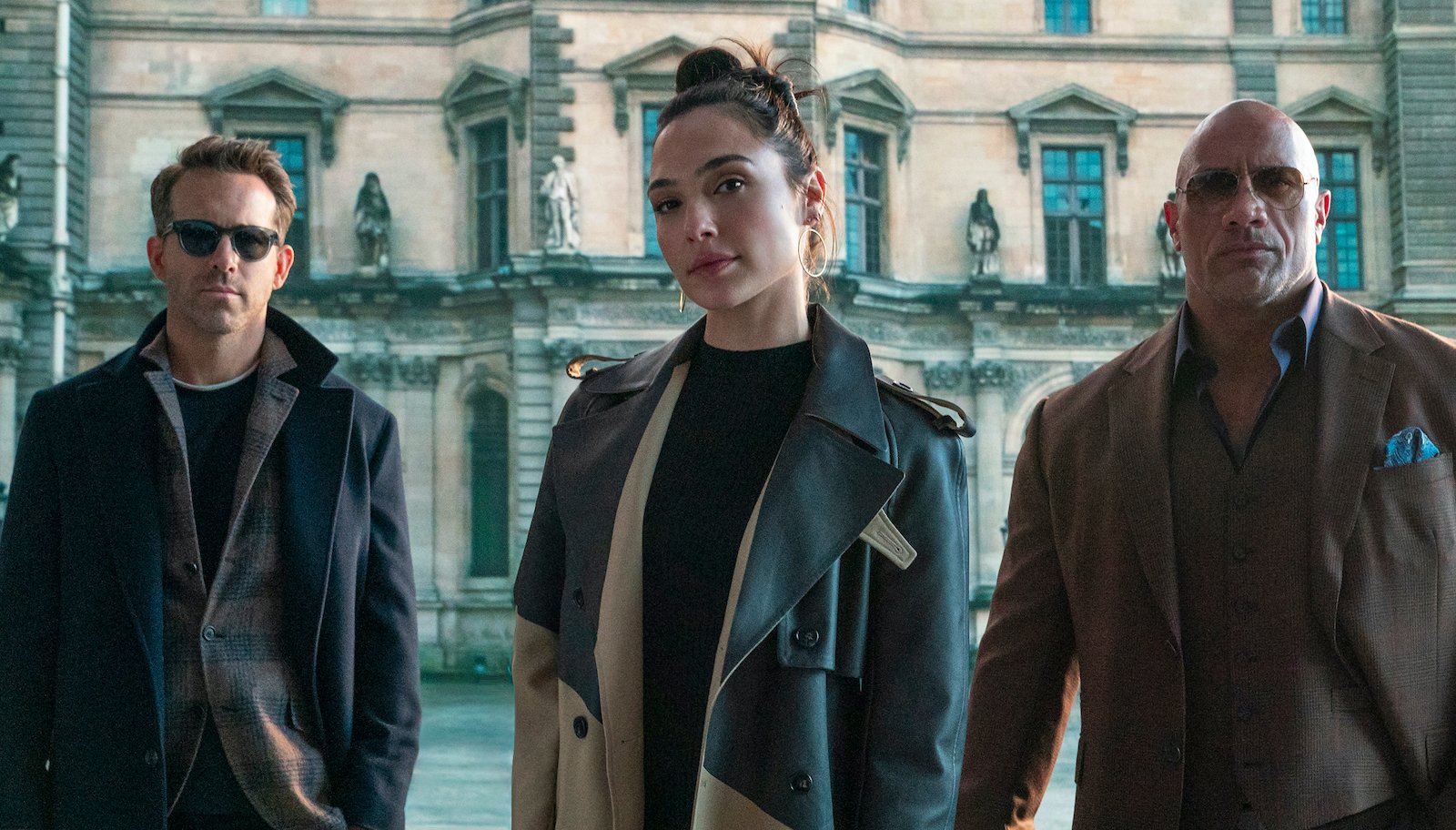 Netflix developing two 'Red Notice' sequels starring Dwayne Johnson, Gal Gadot, and Ryan Reynolds - Vimarsana News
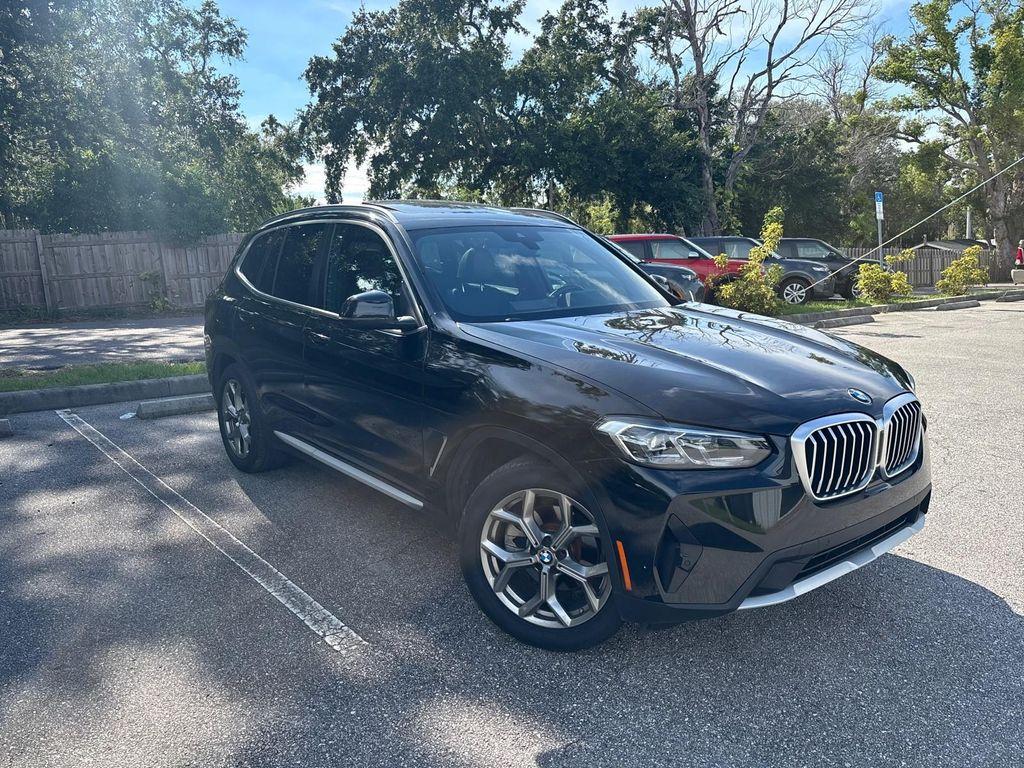 used 2024 BMW X3 car, priced at $26,999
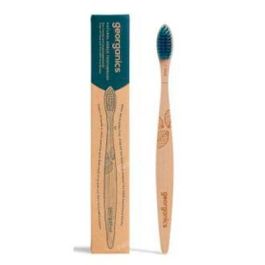 GEORGANICS Cepillo Dental de Madera de Haya Cerdas Hard Nylon sin BPA para higiene bucal diaria Precio: 4.68999993. SKU: B1EC2YJSG6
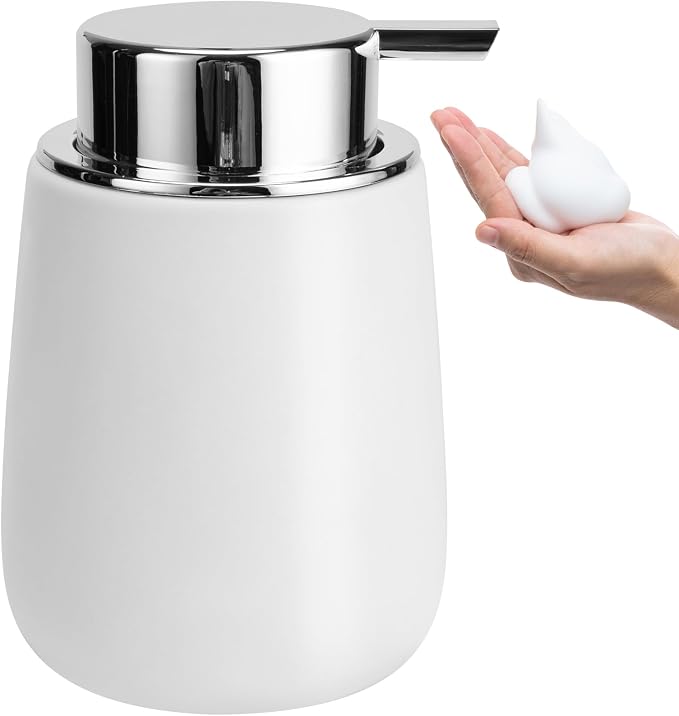 Foam Soap Dispenser Pump 2pcsHead Replacement Spare Plastic Pump Bathroom - Image 2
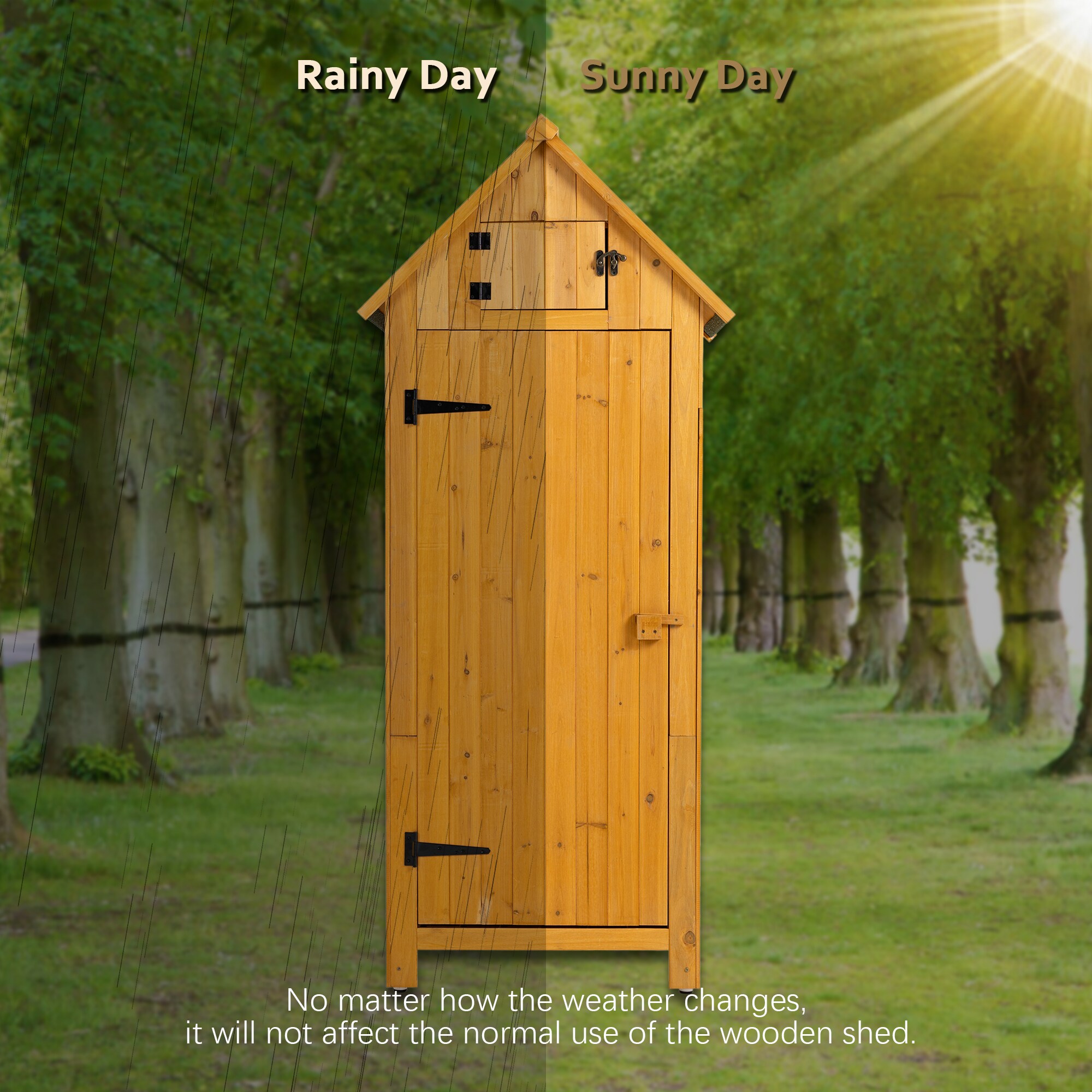 Mondawe MD-HO67667 Wood-Storage-Buildings - View #3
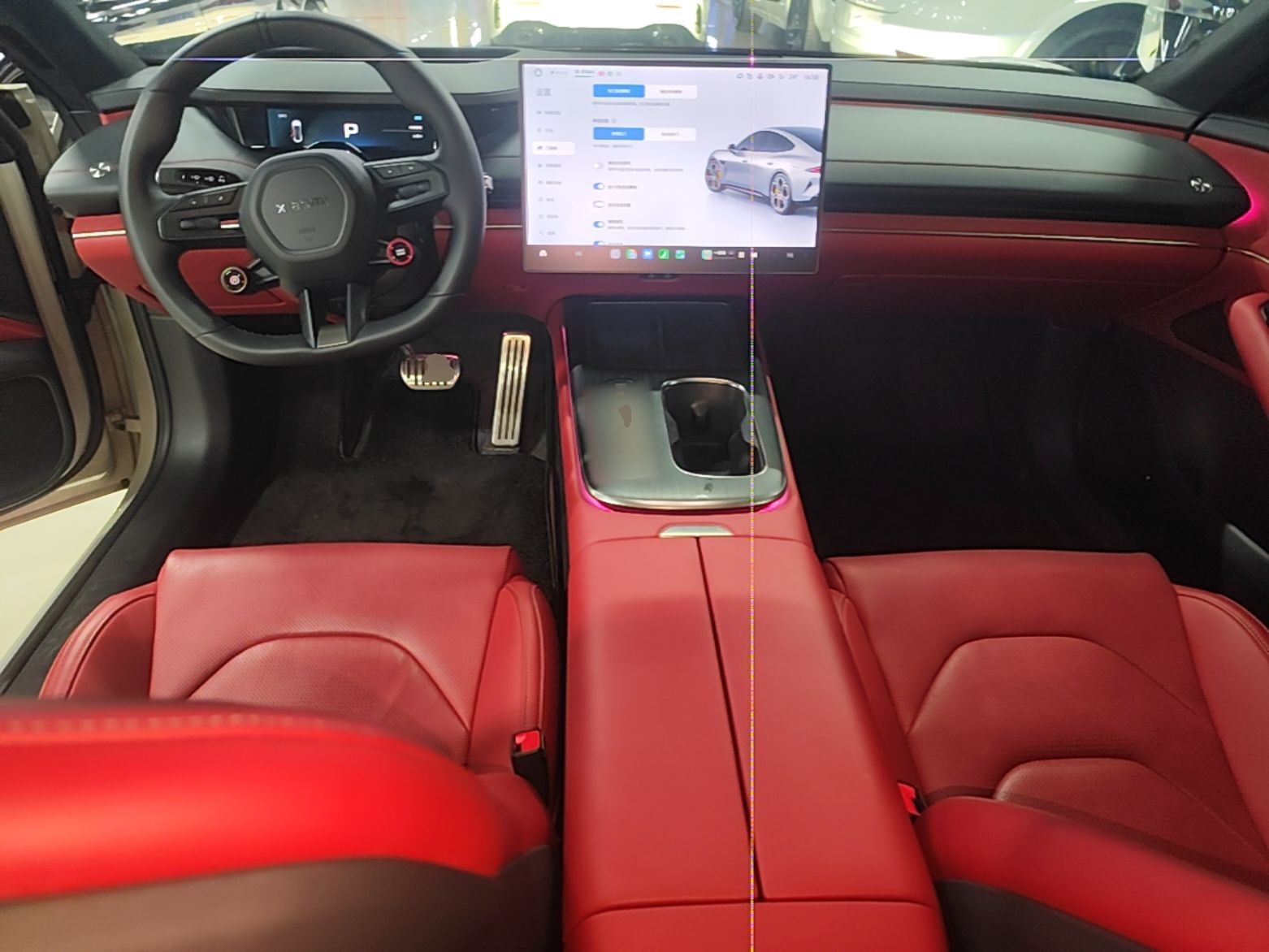 Xiaomi Auto SU7 2024 Four-Wheel Drive Ultra-Long Range Advanced Intelligent Driving Max Edition — снимка 12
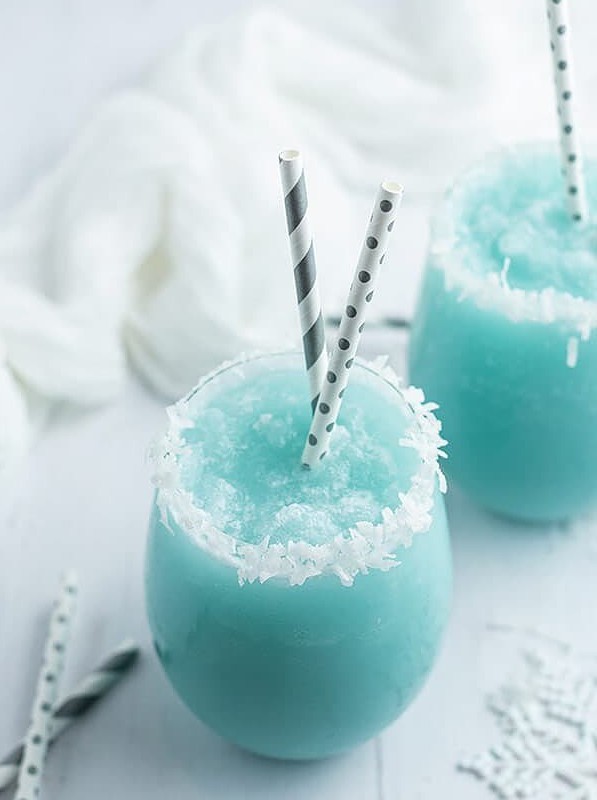 Jack Frost Winter Cocktail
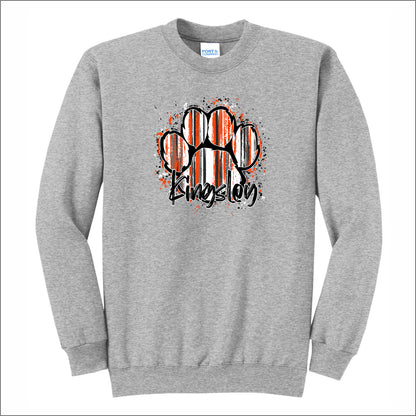 KJHS Spiritwear Crewneck Sweatshirt - Des. B
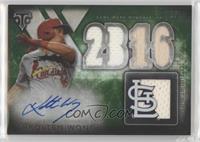 Rookies and Future Phenoms - Kolten Wong #/50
= = = = = = =
PROBLEM TO SOLVE -> All lines from the one containing "used 2024 BMW X3 car, priced at $26,999" to the last line of the records above, and no others, should be returned unchanged, without pictures.

YOUR RESPONSE ->
 used 2024 BMW X3 car, priced at $26,999
 GEORGANICS Cepillo Dental de Madera de Haya Cerdas Hard Nylon sin BPA para higiene bucal diaria Precio: 4.68999993. SKU: B1EC2YJSG6
 Foam Soap Dispenser Pump 2pcsHead Replacement Spare Plastic Pump Bathroom - Image 2
 Mondawe MD-HO67667 Wood-Storage-Buildings - View #3
 Xiaomi Auto SU7 2024 Four-Wheel Drive Ultra-Long Range Advanced Intelligent Driving Max Edition — снимка 12
 Jack Frost Winter Cocktail
 KJHS Spiritwear Crewneck Sweatshirt - Des. B
 Rookies and Future Phenoms - Kolten Wong #/50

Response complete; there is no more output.